The Perils of Ecumenical Straight-Talk
IN THE SERVICE OF TRUTH
The attempt to describe to a conservative Protestant the differences between the Catholic Church and his tradition usually ends in one of two ways: He will be your good friend or your enemy. He can become your enemy even when he has asked you to explain the differences, and even when you’re careful to ring your description with declarations of the respect and admiration you feel for conservative Protestants. In only a few cases, in my experience, will he respond neutrally, in a way that leaves your relationship unchanged. It’s not easy to predict who will react which way. I’ve found that in almost as many cases the polemicist will remain friendly and the nice guy will get angry.

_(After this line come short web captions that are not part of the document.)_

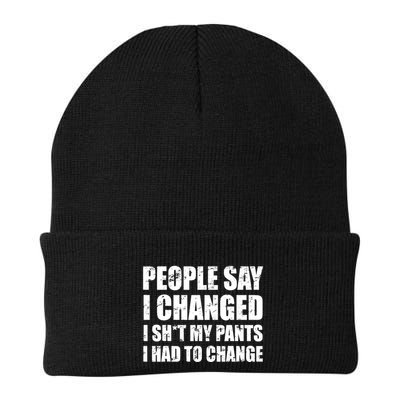 People Say I Changed I Had To Change Funny Sarcastic Sayings Beanie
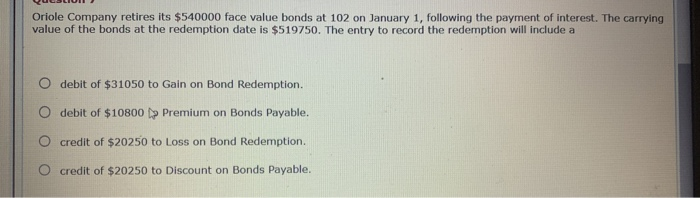 Solved Oriole Company retires its $540000 face value bonds | Chegg.com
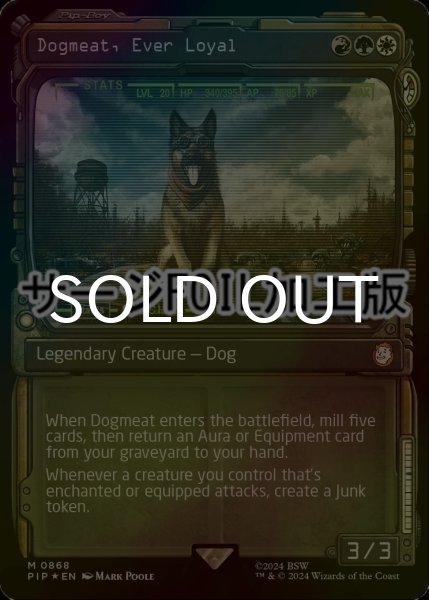 画像1: [FOIL] 忠実な友、ドッグミート/Dogmeat, Ever Loyal No.868 (ショーケース版・サージ仕様) 【英語版】 [PIP-金MR] (1)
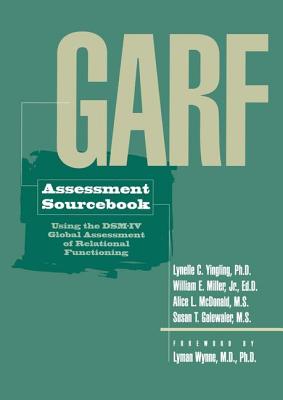 GARF Assessment Sourcebook - Yingling, Lynelle C., and Miller, William E., and McDonald, Alice L.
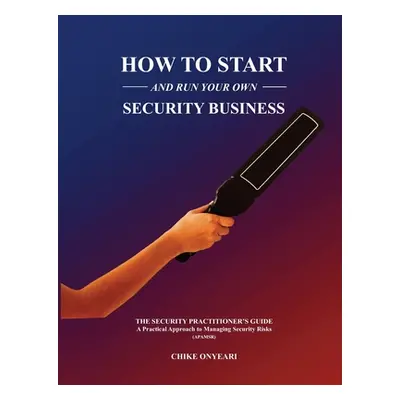 "How to Start and Run Your Own Security Business: THE SECURITY PRACTITIONER'S GUIDE - A Practica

The relation improves in about four cases out of ten, and declines in six, though some people may be better at these discussions than I am and make friends with a higher percentage of the people with whom they talk. What one might call the apostolate of ecumenical clarification is a risky enterprise.
Once in a while, a Protestant will even try to convince you that you don’t understand Catholicism, that it’s either laxer or more rigid than you suppose. A friend, an Episcopal theologian, once explained to me that Joseph Ratzinger believed that Anglicanism was a church just like the Catholic Church. He had badly misread some of the cardinal’s books. I tried to explain, pointing him to Dominus Iesus and other sources, and he told me I was imposing my own fundamentalism upon the liberal-minded Ratzinger.

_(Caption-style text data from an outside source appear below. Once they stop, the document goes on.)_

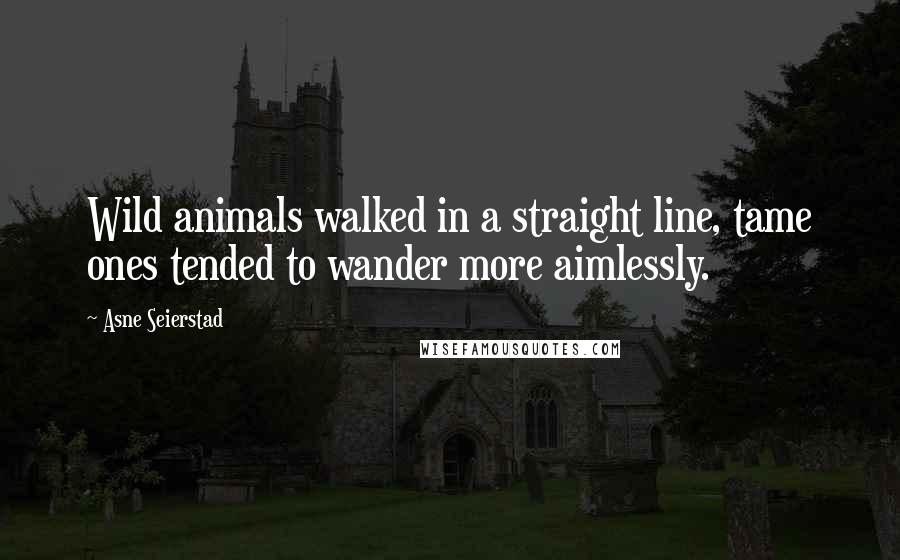 Asne Seierstad Quotes: Wild animals walked in a straight line, tame ones tended to wander more aimlessly.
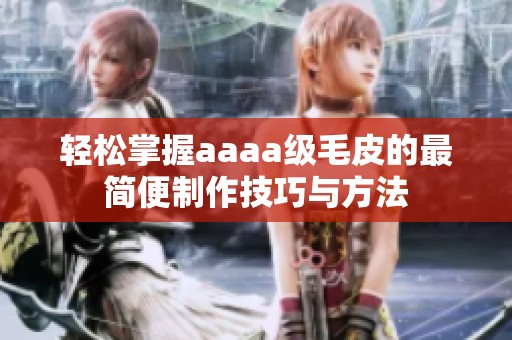 轻松掌握aaaa级毛皮的最简便制作技巧与方法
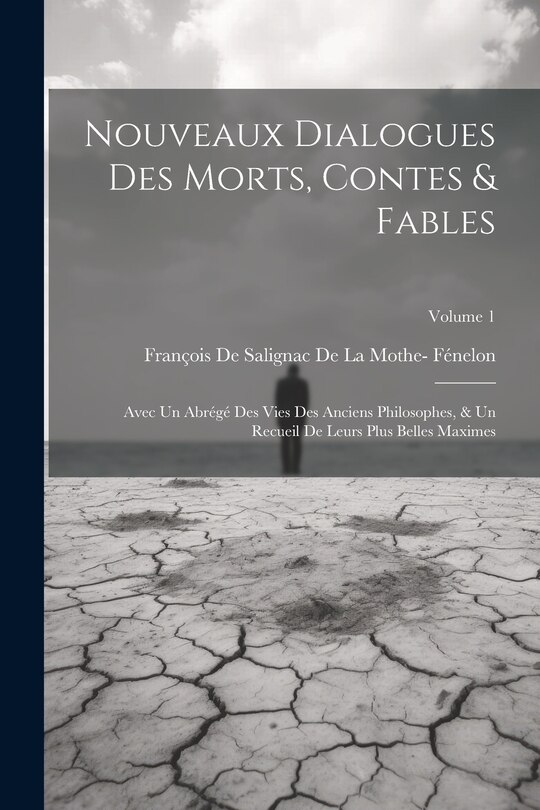 Front cover_Nouveaux Dialogues Des Morts, Contes & Fables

To be clear, I’m speaking of explanation, not polemics or evangelization. Over the years since I entered the Catholic Church, I have felt, because of my personal history and my continuing friendships with conservative Protestants, a calling to explain each side to the other, making clear who believes what, how they agree, and how they differ. Friendships are easier and ecumenical relations advance when both sides say what they mean and look honestly not only at their agreements but at their differences. We know Christians are divided. We ought to know with some precision how they’re divided and why.

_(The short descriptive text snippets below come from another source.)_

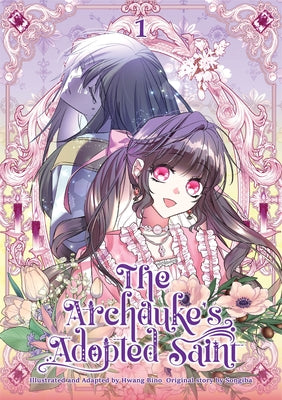 Cover Image for The Archduke's Adopted Saint Volume 1 -- Bino Hwang, Paperback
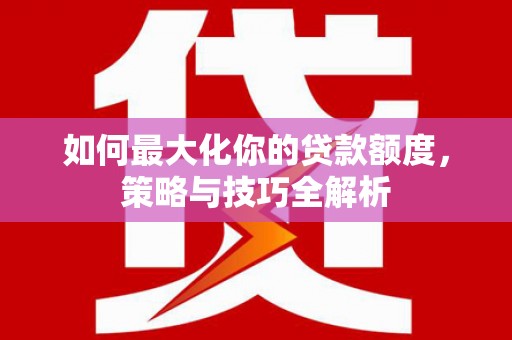 北碚如何最大化你的贷款额度，策略与技巧全解析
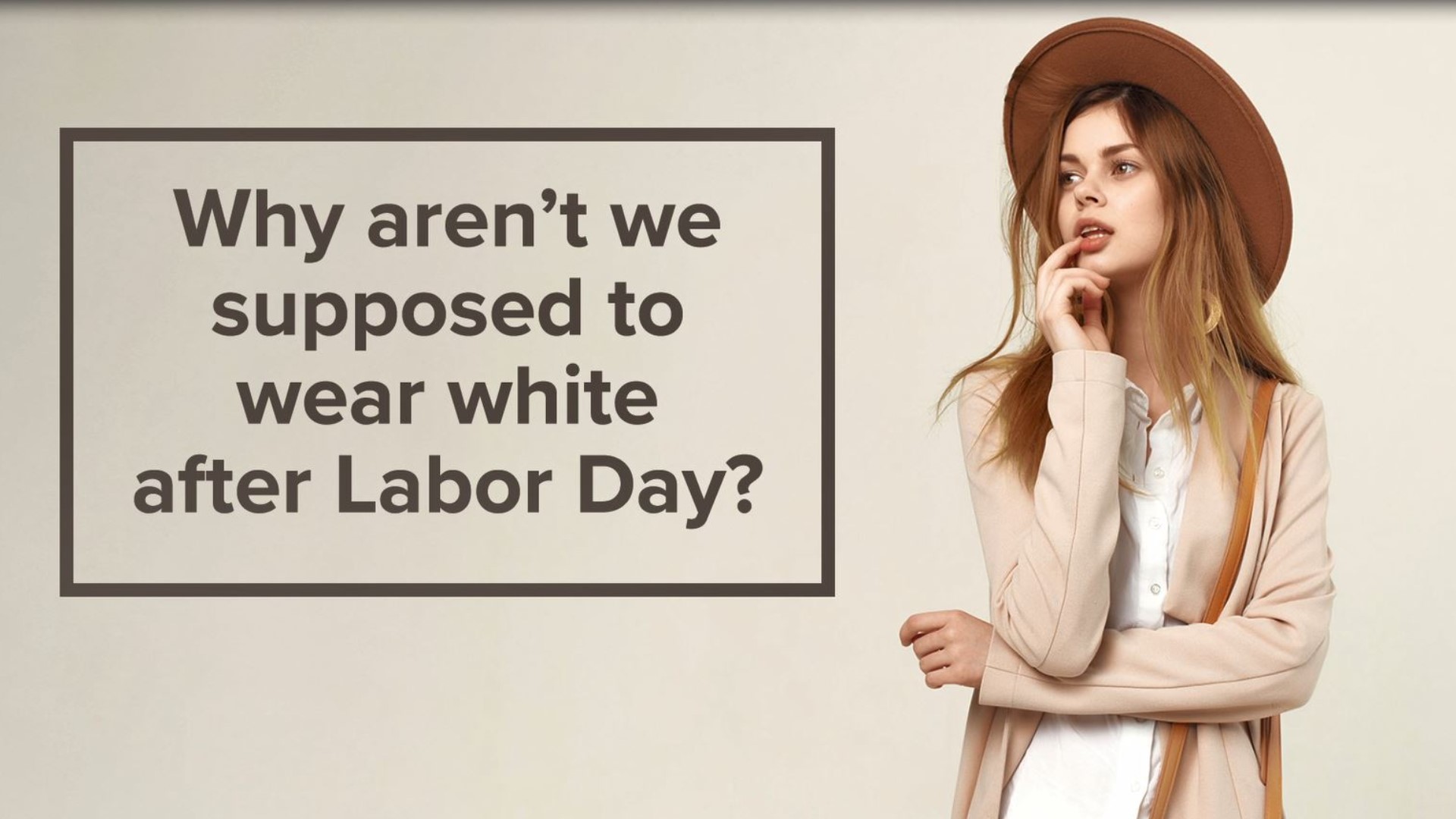 Jeanne Reith, an adjunct professor of fashion history at San Diego Mesa College, finally solves the mystery - why can't we supposedly wear white after Labor Day?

Many Christians like to say, “The things that bind us are greater than the things that divide us,” which, though generally true, doesn’t help when one Christian has to say to another, “You can’t receive communion here,” or “Even though you were baptized as an infant, you have to be baptized again.” It doesn’t help when conservative Christians have an agreeable discussion about the problem of homosexual “marriage” and the talk turns to the nature of marriage itself and the intrinsic need to be open to life. Piping up with “The things that bind us are greater than the things that divide us” does not keep the room from chilling when one side in effect says to the other, “Your wife shouldn’t be on the Pill,” or, from the other side, “You should be more careful not to have more children.”